Personally I would use a slightly different approach to the one suggested already, but unfortunately I think it would be too complex for you, as you don't have the necessary experience. It would also require more disk space for (at least one more) "working copy" of the clone. Therefore I'll just give 2 replies to your questions:
hitman.sunny wrote:
1. I've made a backup of Partition table(.dat file), can i restore this backup if something goes wrong during recovery and my data will be safe?
No. Only having a copy of the partition table does not mean that all your data is safe.
hitman.sunny wrote:
2. Can the image i'll create of whole HDD will be useful if recovery fails(i.e. can i use it to start recovery procedure again)?
Yes, you can try to do this, although there are risks e.g. you
must get the direction of clone corect, and you need to research and decide where to store your clone target(s) - file or raw disk - and to understand how you could use them. For example, for
some uses, a clone on a raw disk is easier to use under Windows than a clone into a file.
However your original problem is not (or not
only) logical corruption of the filesystem. Notice the read error in your last screenshot (HD Deep Scan.png) - so one or more sectors are unreadable (with standard Windows retries) on the original disk. With the currently available information, we don't yet know how many sectors are unreadable.

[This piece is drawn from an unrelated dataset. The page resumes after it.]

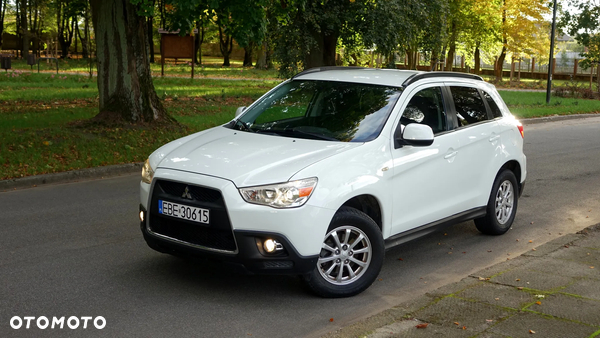 Mitsubishi ASX 1.8 DID Invite 4WD AS&G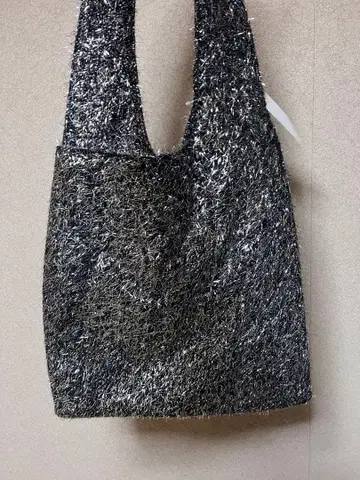 JEANASIS 지나시스 글리터 토트백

Therefore any cloning attempt should use software (like those already mentioned by
sathyan) which doesn't stop (and allows retry control) when there are any initially unreadable sectors. In your case, I suggest not use TestDisk to perform the cloning, as that has no retry control - unless you cannot understand any better cloning software. There have been many previous threads about cloning software - search the forum and read them. Good luck!